With Mr. Rubio all but assured of winning his party’s Aug. 24 primary, he said he now is looking forward to the opportunity to “talk to a broader audience of Floridians about our mainstream positions.” When “Fox News Sunday” moderator Chris Wallace asked how a self-avowed conservative could consider his positions “mainstream,” he responded that “conservative thought is the mainstream position in America.”

But Mr. Rubio is embedded so deeply in this party’s conservative base that he faces a tough challenge attracting independents and Democrats, a skill that propelled Mr. Crist throughout a successful political career.

Statewide races in Florida - which have straddled the red-blue partisan line for years - are also historically difficult to handicap.

“The support for Rubio that has been most vocal and vociferous has been from the organized party people; the county chairs, that kind of stuff,” said Robert Crew, a political science professor at Florida State University. “Nobody, including the Republican Party, knows what the Florida electorate is going to do on this.

“The Florida electorate is not necessarily a Republican electorate; it’s not necessarily a right-wing electorate.”

Florida state Sen.
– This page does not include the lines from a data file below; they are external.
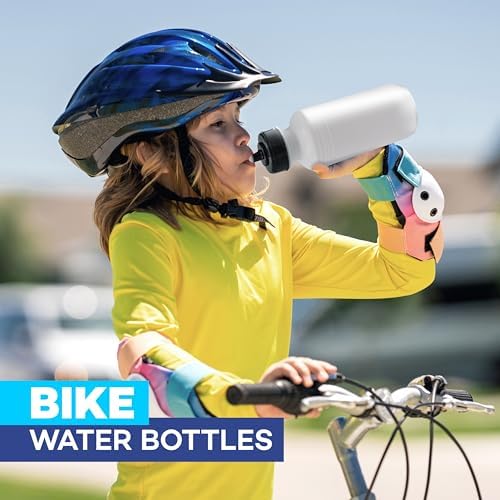 Sports Water Bottles Bulk (12 Pack) 18 oz Squeeze Reusable Plastic White School Bike Water Bottle for Kids, BPA Free, Party Favor Giveaways, ee, School Kids Bottles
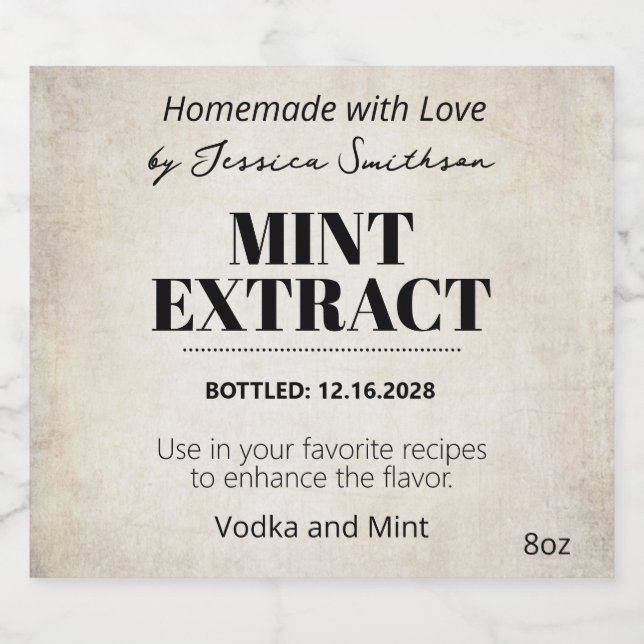Mint Extract Modern Label Sticker ZEX_001c (Single Label)
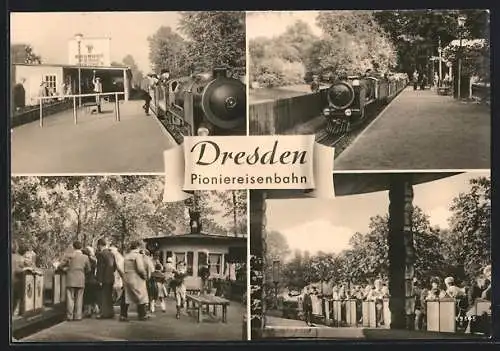 AK Dresden, Bahnhof Frohe Zukunft der Pioniereisenbahn, Mehrfachansicht
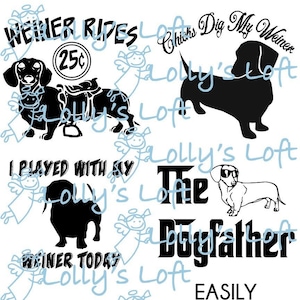 Weiner Dog Bundle (7 versions) SVG cut File for Silhouette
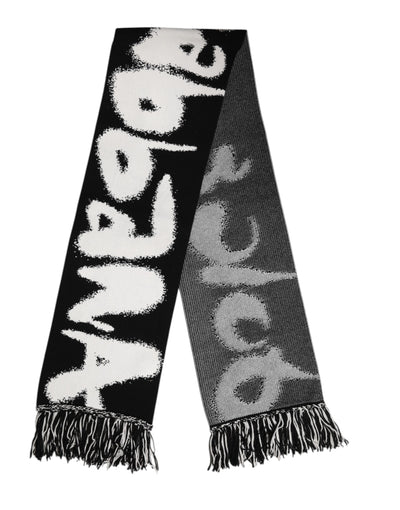 Dolce & Gabbana Black Logo Neck Warmer Wrap Men Shawl Scarf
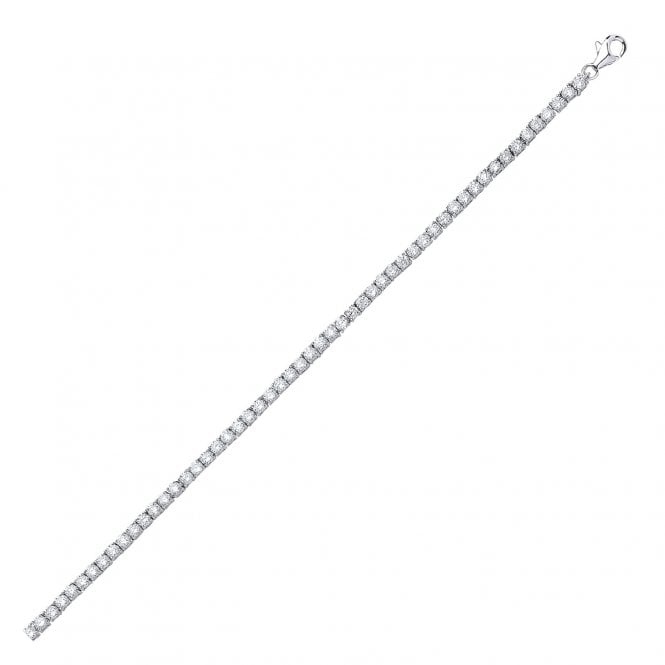 Lowry Sterling Silver Stainless Steel CZ Tennis Bracelet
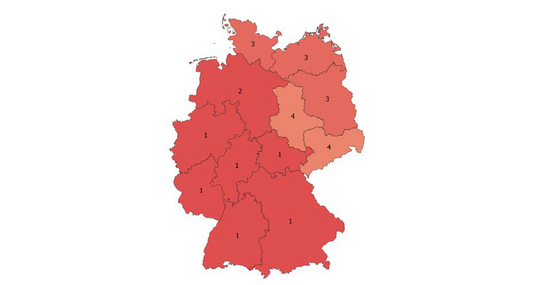 Abb. 4: Platzierungen der Bundeslnder bzw. Bundeslnderkombinationen fr die Jahresmitteltemperaturen 2022.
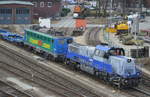 Nachdem EGP 140 838-4 am Nachmittag mit einem langen Güterzug leerer recht neuer firmeneigener Gelenkcontainer-Tragwagen am Berliner Westhafen eingetroffen ist, wird sie mit Zug durch die BEHALA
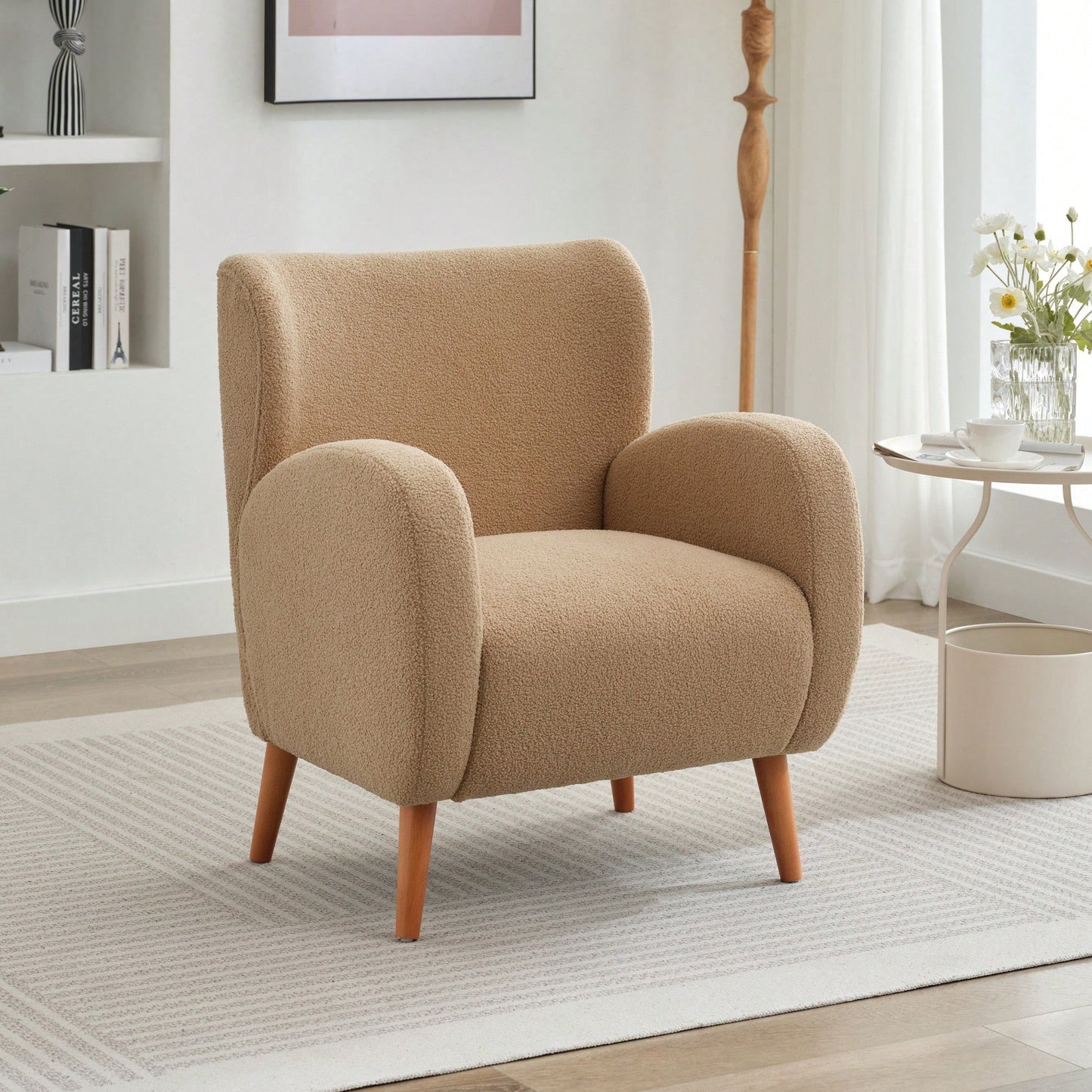 Elegant Back Lounge Chair With Soft Fabric, Solid Wood Legs, Easy Assembly And Durable Frame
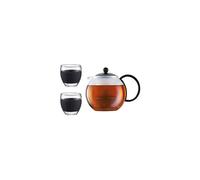 Assam Set Tea Press, Borosilicate Glass, 1.0 L/34 oz with 2 Glasses of 0.35 L/12 oz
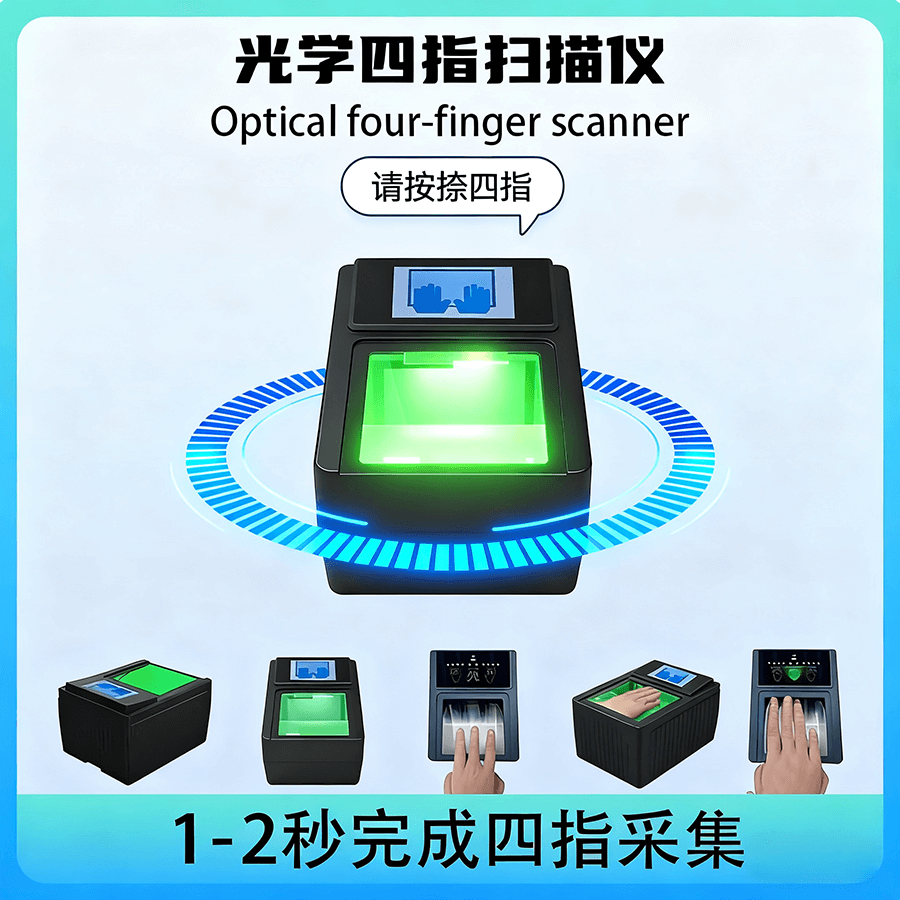 光學四指掃描儀外觀展示_FBI FAP 60標準指紋采集設備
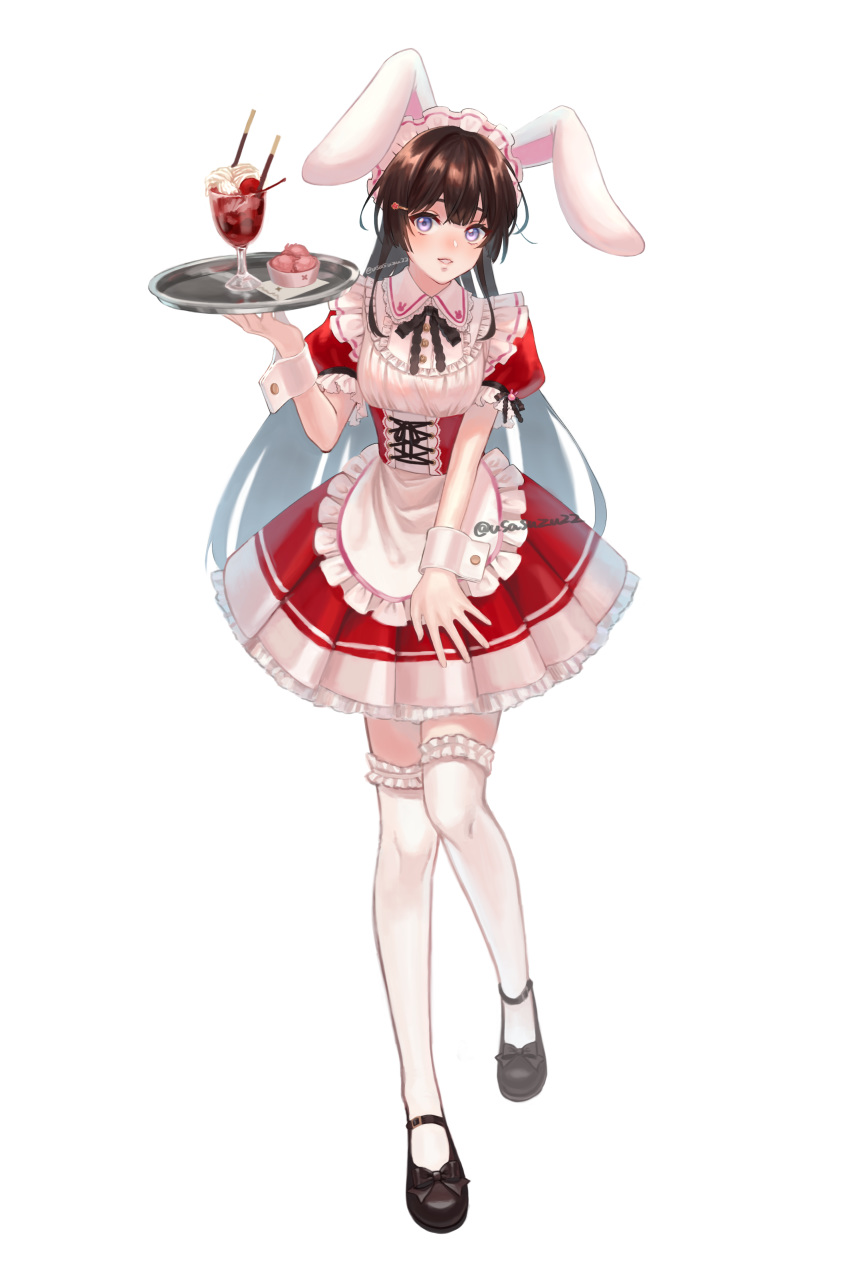 1girl absurdres alternate_costume animal_ears animal_print apron black_footwear black_hair black_neckwear black_ribbon blue_eyes breasts bunny_print commentary corset dress enmaided fake_animal_ears food frilled_dress frills full_body hair_ornament hairclip highres holding holding_tray ice_cream long_hair looking_at_viewer maid maid_apron maid_headdress medium_breasts neck_ribbon nijisanji parfait parted_lips pleated_skirt puffy_short_sleeves puffy_sleeves rabbit_ears red_dress ribbon shoes short_sleeves simple_background skirt smile solo thigh-highs thighs tray tsukino_mito twitter_username usasuzu virtual_youtuber waitress white_background white_legwear wing_collar wrist_cuffs zettai_ryouiki
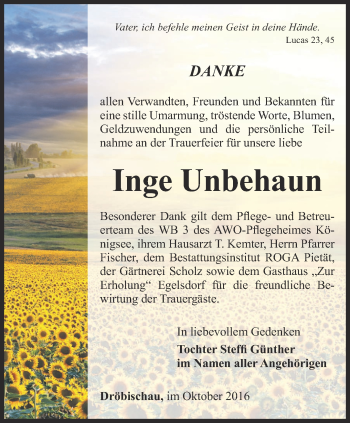 Traueranzeige von Inge Unbehaun von Ostthüringer Zeitung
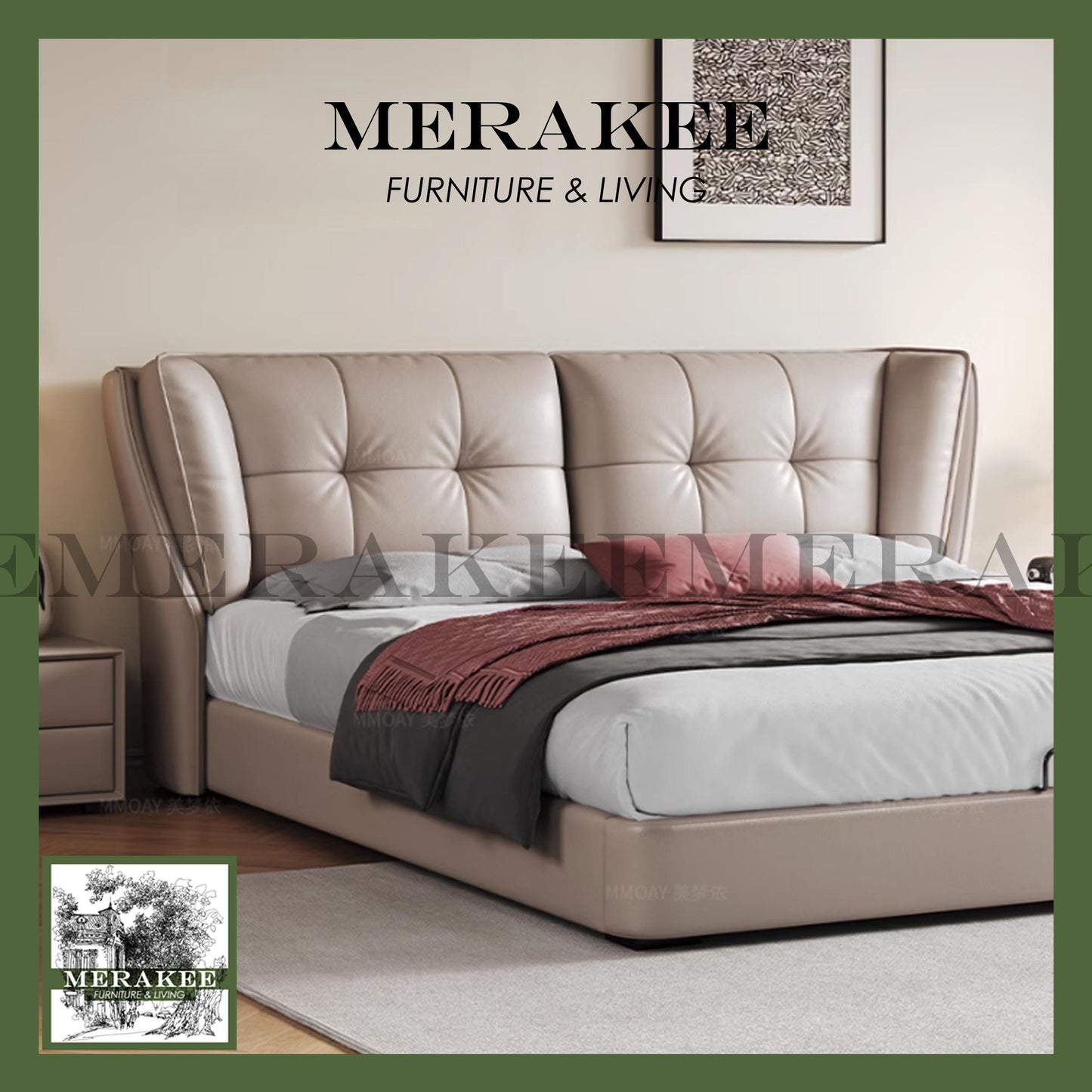 MERAKEE Queen/King Genuine Leather Bed Frame Bedroom Furniture JC826
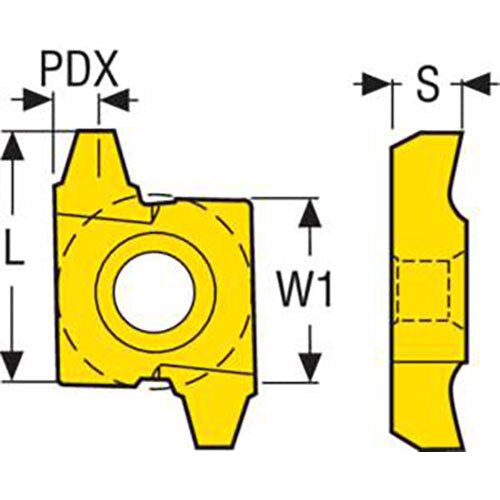Seco External Snap-Tap® Thread Turning Insert 6.3 x 20mm Right 3-3 TPI CP500 STACME Thread 20ER3STACME,CP500 Pack of 2 - AIMS Industrial Supplies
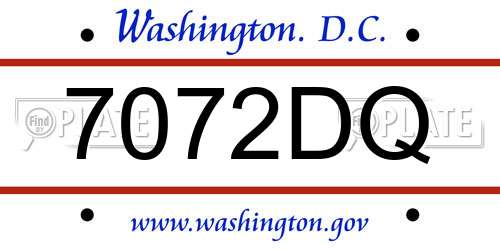 7072DQ District Of Columbia License Plate
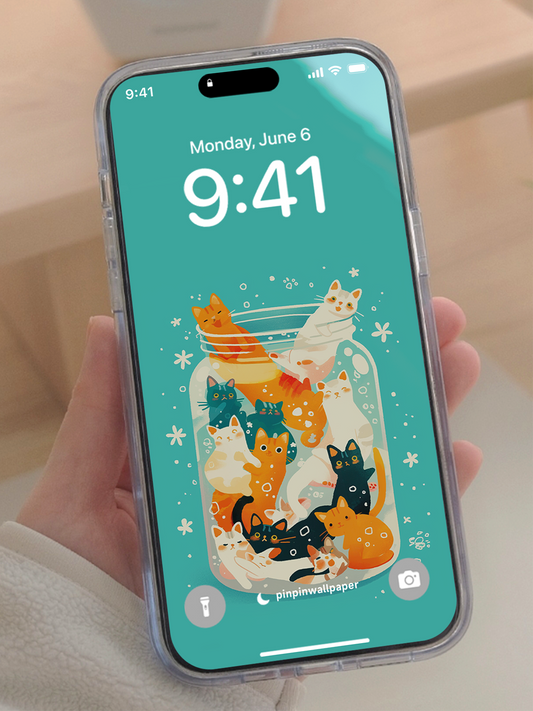 4K HD Phone Wallpaper Background -  Minimalist Gradient Style summer Cat  wallpapers for iPhone and Android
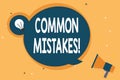 Handwriting text COMMON MISTAKES. Concept meaning Prevalent error and issues that occur repetitively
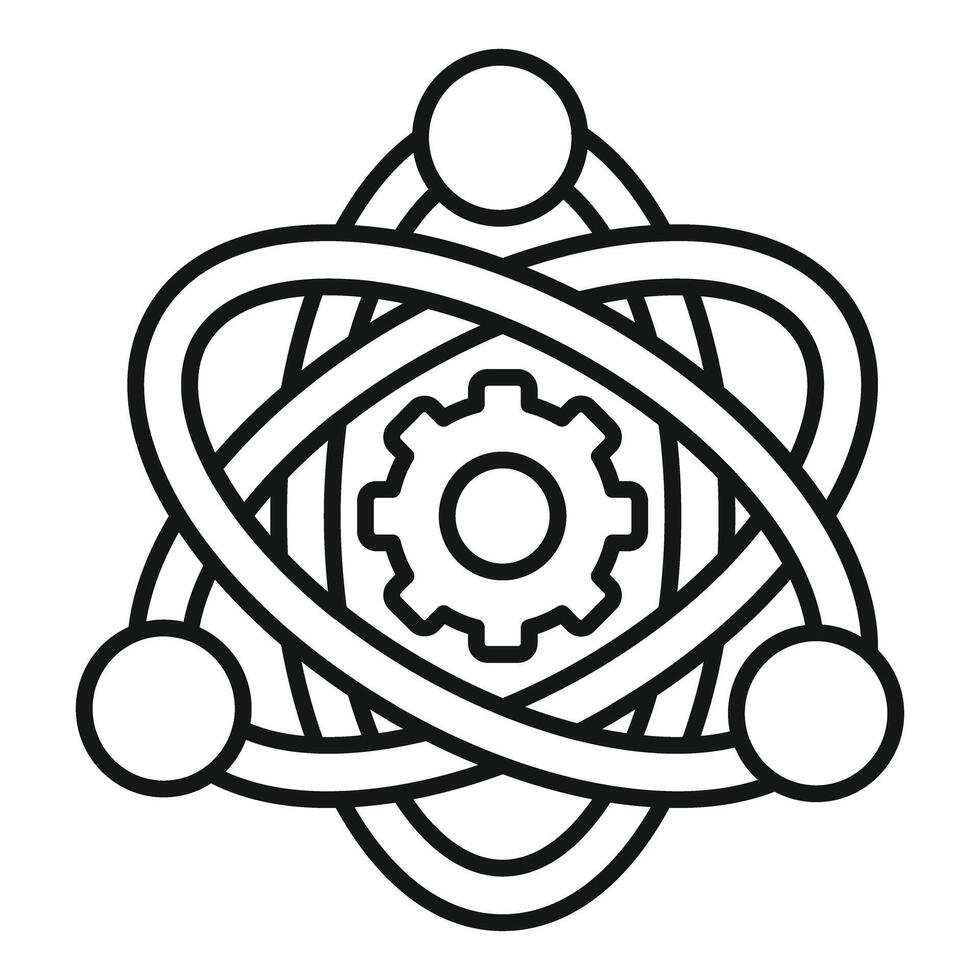 Abstract atom and gear logo design vector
John Thrasher, also chairman of the Florida Republican Party, ordered the removal of Mr. Crist’s official portrait from the party’s Tallahassee headquarters almost immediately after the governor announced Thursday he was withdrawing from the party’s primary.

In a high-profile show of defiance, Mr. Thrasher ordered the painting sold on eBay. A party spokeswoman said Sunday said the online auction will begin Monday.

Mr. Crist has embraced his newfound independence, and has sidestepped the question of whether he would caucus with Republicans if he won the election.

“I will caucus with the people of Florida,” he said on “Meet the Press.”

When pressed by moderator David Gregory that such a position would be almost politically impossible, Mr. Crist still declined to pick a side.

Floridians “don’t want you to say, ‘Look, you have to either go with Democrats or Republicans,’ ” he said. “You have to go with your gut and with your heart.”